Callen wondered if Buck knew that this was as much therapy as Rosy’s chocolate cake and peanut butter cookies. Probably. He suspected there wasn’t much that got past Buck. Which meant he might know about Shelby’s kiss offer.

Buck leaned against the barn and continued to look out at the horses. “How much aggravation would it cause you to change your flight and stay the night?”

The knot tightened in Callen’s gut. He had steeled himself up enough to hear whatever bad news Buck might dole out, but this... Well, this was a rock and a hard place. It would be an aggravation, a little one, because Callen would have to reschedule some meetings, but Callen suspected the staying the night would fall way out of the aggravation zone and into things he wasn’t sure he wanted to deal with.

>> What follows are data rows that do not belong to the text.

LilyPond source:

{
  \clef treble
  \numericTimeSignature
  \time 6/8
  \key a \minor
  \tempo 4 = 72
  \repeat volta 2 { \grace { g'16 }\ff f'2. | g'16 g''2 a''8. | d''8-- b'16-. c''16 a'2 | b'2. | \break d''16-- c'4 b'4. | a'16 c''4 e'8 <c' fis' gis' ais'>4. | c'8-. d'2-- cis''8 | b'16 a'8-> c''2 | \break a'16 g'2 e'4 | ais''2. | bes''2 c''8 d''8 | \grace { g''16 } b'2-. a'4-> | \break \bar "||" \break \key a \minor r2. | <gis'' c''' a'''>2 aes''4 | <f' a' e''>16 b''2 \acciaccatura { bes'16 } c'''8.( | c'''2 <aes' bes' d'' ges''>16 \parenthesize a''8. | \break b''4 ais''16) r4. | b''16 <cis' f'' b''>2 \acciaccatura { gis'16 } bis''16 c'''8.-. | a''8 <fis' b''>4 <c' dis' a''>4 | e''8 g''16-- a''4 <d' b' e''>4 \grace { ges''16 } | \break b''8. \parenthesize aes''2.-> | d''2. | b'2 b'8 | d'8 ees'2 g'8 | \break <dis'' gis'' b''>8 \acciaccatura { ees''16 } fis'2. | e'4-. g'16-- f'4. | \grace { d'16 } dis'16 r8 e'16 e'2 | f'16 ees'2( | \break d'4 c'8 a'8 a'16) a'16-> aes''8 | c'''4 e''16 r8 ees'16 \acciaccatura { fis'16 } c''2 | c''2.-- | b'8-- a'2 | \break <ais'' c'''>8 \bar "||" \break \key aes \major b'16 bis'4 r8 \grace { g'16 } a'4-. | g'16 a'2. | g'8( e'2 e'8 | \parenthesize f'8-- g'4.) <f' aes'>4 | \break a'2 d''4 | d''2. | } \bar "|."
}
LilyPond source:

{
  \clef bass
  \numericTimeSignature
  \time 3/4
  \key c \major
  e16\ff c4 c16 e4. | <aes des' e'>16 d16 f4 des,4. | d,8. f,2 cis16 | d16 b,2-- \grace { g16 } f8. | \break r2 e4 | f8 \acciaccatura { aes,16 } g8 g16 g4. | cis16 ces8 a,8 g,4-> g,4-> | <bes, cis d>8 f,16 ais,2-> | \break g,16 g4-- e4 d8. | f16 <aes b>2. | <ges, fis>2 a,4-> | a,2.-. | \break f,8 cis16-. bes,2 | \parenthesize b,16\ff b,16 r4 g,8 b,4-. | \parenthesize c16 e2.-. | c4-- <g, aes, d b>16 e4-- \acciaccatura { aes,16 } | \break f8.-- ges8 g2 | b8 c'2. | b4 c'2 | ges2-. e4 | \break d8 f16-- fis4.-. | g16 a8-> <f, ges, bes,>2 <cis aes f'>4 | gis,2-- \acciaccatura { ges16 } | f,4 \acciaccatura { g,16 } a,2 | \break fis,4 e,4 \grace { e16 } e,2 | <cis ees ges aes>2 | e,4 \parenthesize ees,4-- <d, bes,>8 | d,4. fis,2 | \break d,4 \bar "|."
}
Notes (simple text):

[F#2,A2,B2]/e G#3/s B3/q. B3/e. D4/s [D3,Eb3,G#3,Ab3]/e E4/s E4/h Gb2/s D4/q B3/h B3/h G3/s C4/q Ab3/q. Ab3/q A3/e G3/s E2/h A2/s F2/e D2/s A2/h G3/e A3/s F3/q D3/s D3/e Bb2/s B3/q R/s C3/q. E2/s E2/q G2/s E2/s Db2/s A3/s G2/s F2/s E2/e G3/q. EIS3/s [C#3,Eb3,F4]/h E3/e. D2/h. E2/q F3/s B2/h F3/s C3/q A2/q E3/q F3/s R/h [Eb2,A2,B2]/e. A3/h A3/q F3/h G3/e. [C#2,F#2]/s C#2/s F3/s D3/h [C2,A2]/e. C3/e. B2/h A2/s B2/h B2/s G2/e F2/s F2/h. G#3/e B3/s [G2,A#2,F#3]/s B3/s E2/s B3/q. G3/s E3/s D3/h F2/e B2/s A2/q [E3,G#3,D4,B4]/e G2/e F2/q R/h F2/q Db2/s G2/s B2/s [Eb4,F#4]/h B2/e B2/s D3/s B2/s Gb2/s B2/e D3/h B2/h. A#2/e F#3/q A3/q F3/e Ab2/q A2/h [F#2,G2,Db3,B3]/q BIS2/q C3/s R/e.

Buck was probably going through the same thing—dealing with things he didn’t want to deal with. Things that had made Buck tell both Rosy and Shelby that he needed to talk to him.

Buck gave him another pat on the back. “If you can swing it, stay for the night. I think it’ll do all of us some good.”

Callen silently cursed. Added some silent groans, too, and a not-so-silent sigh that he wasn’t about to swallow. He wasn’t so sure about that “doing us all some good,” but Callen took out his phone to call Havana.

Apparently, the time machine was going to be on pause for a while.